THE PROBLEM. Where does the word "Salary" show up in the records? Copy every line that holds it.

(Short text fragments from websites)

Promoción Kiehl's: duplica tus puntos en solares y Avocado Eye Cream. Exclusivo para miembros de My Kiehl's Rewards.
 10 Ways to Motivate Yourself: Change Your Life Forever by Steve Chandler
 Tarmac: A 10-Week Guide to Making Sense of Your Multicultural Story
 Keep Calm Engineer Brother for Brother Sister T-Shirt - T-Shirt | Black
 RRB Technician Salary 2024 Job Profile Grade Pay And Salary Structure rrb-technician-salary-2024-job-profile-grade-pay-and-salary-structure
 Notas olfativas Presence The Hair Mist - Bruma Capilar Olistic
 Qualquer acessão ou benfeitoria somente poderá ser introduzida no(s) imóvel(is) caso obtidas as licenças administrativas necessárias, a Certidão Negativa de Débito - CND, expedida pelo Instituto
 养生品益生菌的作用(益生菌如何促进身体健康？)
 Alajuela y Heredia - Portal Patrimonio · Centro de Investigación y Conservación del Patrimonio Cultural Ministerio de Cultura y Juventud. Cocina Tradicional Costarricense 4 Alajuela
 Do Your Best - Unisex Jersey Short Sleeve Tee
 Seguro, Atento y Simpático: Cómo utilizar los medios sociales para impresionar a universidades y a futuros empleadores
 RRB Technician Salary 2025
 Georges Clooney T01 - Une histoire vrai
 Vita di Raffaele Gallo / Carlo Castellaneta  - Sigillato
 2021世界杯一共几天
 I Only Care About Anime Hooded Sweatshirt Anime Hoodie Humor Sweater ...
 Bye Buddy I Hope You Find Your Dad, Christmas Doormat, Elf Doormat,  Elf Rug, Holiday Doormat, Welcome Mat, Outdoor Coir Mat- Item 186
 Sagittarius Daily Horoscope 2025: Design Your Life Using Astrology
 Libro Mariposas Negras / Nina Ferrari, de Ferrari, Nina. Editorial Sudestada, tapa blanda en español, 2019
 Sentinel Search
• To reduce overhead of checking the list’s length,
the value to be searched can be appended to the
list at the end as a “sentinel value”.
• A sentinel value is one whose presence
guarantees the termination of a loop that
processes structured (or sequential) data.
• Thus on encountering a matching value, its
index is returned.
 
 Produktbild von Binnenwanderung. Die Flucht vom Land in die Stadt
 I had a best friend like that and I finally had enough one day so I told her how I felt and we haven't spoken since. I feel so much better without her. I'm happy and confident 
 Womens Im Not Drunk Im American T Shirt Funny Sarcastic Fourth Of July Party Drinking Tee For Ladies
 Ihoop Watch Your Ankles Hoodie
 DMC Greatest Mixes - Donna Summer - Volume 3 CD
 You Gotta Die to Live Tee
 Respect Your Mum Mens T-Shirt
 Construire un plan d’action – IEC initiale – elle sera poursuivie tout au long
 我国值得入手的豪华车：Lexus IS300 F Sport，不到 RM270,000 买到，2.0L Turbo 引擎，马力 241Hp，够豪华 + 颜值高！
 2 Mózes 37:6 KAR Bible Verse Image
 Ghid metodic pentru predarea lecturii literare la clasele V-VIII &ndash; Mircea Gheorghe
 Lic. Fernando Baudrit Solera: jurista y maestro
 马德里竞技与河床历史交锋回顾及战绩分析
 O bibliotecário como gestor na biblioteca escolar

ANSWER TO THIS TASK.
 RRB Technician Salary 2024 Job Profile Grade Pay And Salary Structure rrb-technician-salary-2024-job-profile-grade-pay-and-salary-structure
 RRB Technician Salary 2025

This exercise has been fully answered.